Wartezeiten für Patienten nicht wegen zu geringer Praxisöffnungszeiten

Berlin – Verschiedene Ärzteverbände haben sich gegen Vorwürfe des Spitzenverbandes Bund der Gesetzlichen Krankenversicherung (GKV) gewehrt, wonach Patienten Wartezeiten in Kauf nehmen müssten, weil Ärzte ihre Praxis durchschnittlich nur rund 28,5 Stunden pro Woche öffneten. Das hatte eine Forsa-Umfrage im Auftrag des Spitzenverbandes ergeben.
„Die niedergelassenen Ärzte würden liebend gerne mehr Zeit für ihre Patienten erübrigen. Der bürokratische Zusatzaufwand – zu dem die Krankenkassen mit Anfragen und dergleichen einen erheblichen Teil beitragen – lässt ihnen jedoch gar keine Chance dazu“, sagte der Vorstandsvorsitzende der Kassenärztlichen Bundesvereinigung (KBV), Andreas Köhler.
Die durch eine Umfrage des GKV-Spitzenverbandes ermittelten durchschnittlichen Sprechzeiten pro Woche von 30,4 Stunden bei Fachärzten und 26,2 Stunden bei Hausärzten seien nur einen Teil der ärztlichen Gesamtarbeitszeit. Hinzu kämen die Hausbesuche, die so gut wie alle außerhalb der Sprechzeiten stattfänden, außerdem die Bereitschaftsdienste nachts und am Wochenende sowie die Zeit, die für das Praxismanagement und Verwaltungsanforderungen nötig seien.

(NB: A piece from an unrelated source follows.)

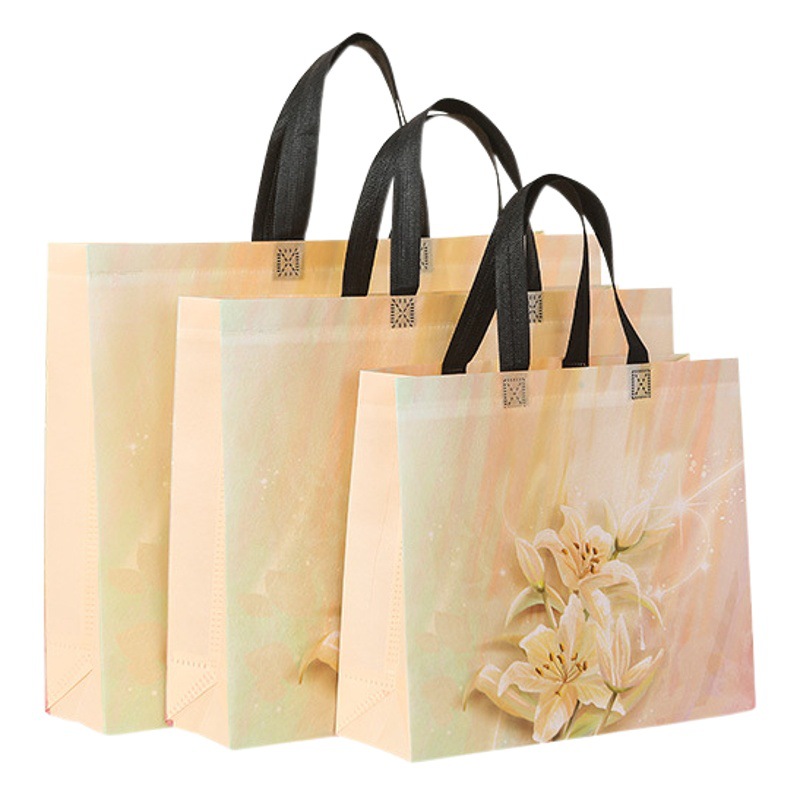 Wholesale Non-woven Bag Portable Packaging Bag High-end Clothing Store Shopping Bag Film-coated Gift Bag Printable logo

Der sogenannte Erweiterte Bewertungsausschuss von Ärzten und Krankenkassen habe das Zeitbudget für die vertragsärztliche Tätigkeit mit 51 Wochenstunden kalkuliert. Davon umfassten 44,6 Stunden sogenannte patientenunmittelbare Tätigkeiten, die übrigen 6,4 Stunden stünden für die Praxisorganisation zur Verfügung.
„Die Forsa-Umfrage zeigt, dass sich niedergelassene Fachärzte im Schnitt nur 32 Stunden pro Woche Zeit für ihre Patienten nehmen. Da braucht sich niemand mehr wundern, warum viele kranke Menschen so lange auf einen Termin warten müssen, obwohl wir immer mehr Ärzte in Deutschland haben“, hatte die Vorstandsvorsitzende des GKV-Spitzenverbandes, Doris Pfeiffer, die Ergebnisse der Umfrage im Magazin Der Spiegel kommentiert.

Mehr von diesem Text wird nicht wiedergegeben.